Start of RECORDS FOR THIS TASK

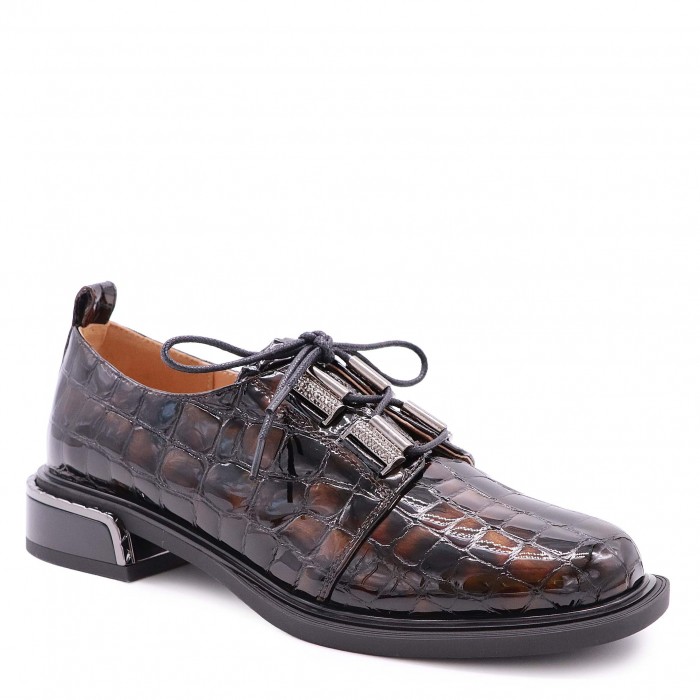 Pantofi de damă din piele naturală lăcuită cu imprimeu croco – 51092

End of RECORDS FOR THIS TASK
Start of RECORDS FOR THIS TASK

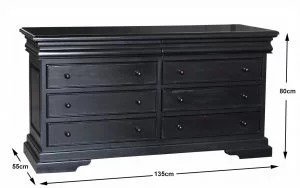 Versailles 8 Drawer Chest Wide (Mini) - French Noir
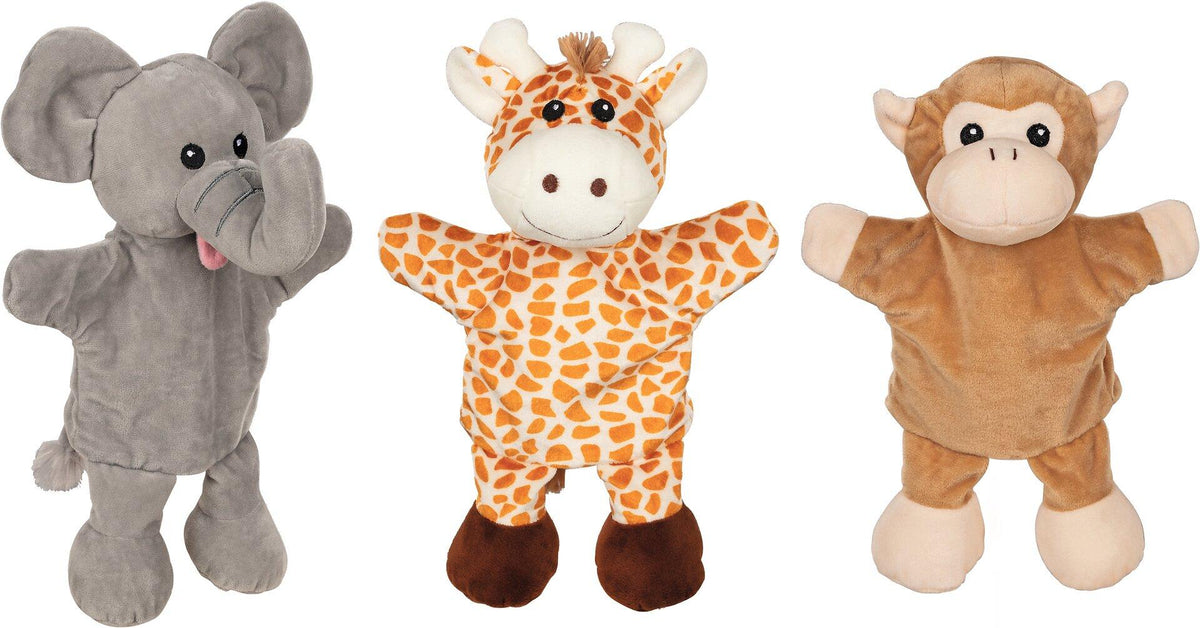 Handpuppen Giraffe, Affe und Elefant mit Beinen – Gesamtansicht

End of RECORDS FOR THIS TASK

Look above for the line containing "Versailles 8 Drawer", then write out every line from there down to the line containing "Handpuppen Giraffe, Affe", that line included, with no pictures.

 Versailles 8 Drawer Chest Wide (Mini) - French Noir
 Handpuppen Giraffe, Affe und Elefant mit Beinen – Gesamtansicht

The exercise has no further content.